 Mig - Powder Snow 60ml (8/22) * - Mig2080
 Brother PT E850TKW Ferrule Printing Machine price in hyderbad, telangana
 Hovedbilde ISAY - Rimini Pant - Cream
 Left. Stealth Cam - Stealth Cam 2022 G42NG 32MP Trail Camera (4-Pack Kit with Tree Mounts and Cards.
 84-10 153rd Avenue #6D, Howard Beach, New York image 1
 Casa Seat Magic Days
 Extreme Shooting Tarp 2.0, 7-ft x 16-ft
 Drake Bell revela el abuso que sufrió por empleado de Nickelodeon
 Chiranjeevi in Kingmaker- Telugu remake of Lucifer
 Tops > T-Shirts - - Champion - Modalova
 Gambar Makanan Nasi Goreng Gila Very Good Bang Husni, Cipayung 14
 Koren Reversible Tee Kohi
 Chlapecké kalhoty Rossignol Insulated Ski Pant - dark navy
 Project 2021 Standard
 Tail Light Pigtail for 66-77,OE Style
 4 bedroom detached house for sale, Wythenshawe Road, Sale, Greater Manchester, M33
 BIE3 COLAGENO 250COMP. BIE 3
************
[Exercise]:
The answer should consist of the full listing, repeated exactly.

[The answer]:
 Mig - Powder Snow 60ml (8/22) * - Mig2080
 Brother PT E850TKW Ferrule Printing Machine price in hyderbad, telangana
 Hovedbilde ISAY - Rimini Pant - Cream
 Left. Stealth Cam - Stealth Cam 2022 G42NG 32MP Trail Camera (4-Pack Kit with Tree Mounts and Cards.
 84-10 153rd Avenue #6D, Howard Beach, New York image 1
 Casa Seat Magic Days
 Extreme Shooting Tarp 2.0, 7-ft x 16-ft
 Drake Bell revela el abuso que sufrió por empleado de Nickelodeon
 Chiranjeevi in Kingmaker- Telugu remake of Lucifer
 Tops > T-Shirts - - Champion - Modalova
 Gambar Makanan Nasi Goreng Gila Very Good Bang Husni, Cipayung 14
 Koren Reversible Tee Kohi
 Chlapecké kalhoty Rossignol Insulated Ski Pant - dark navy
 Project 2021 Standard
 Tail Light Pigtail for 66-77,OE Style
 4 bedroom detached house for sale, Wythenshawe Road, Sale, Greater Manchester, M33
 BIE3 COLAGENO 250COMP. BIE 3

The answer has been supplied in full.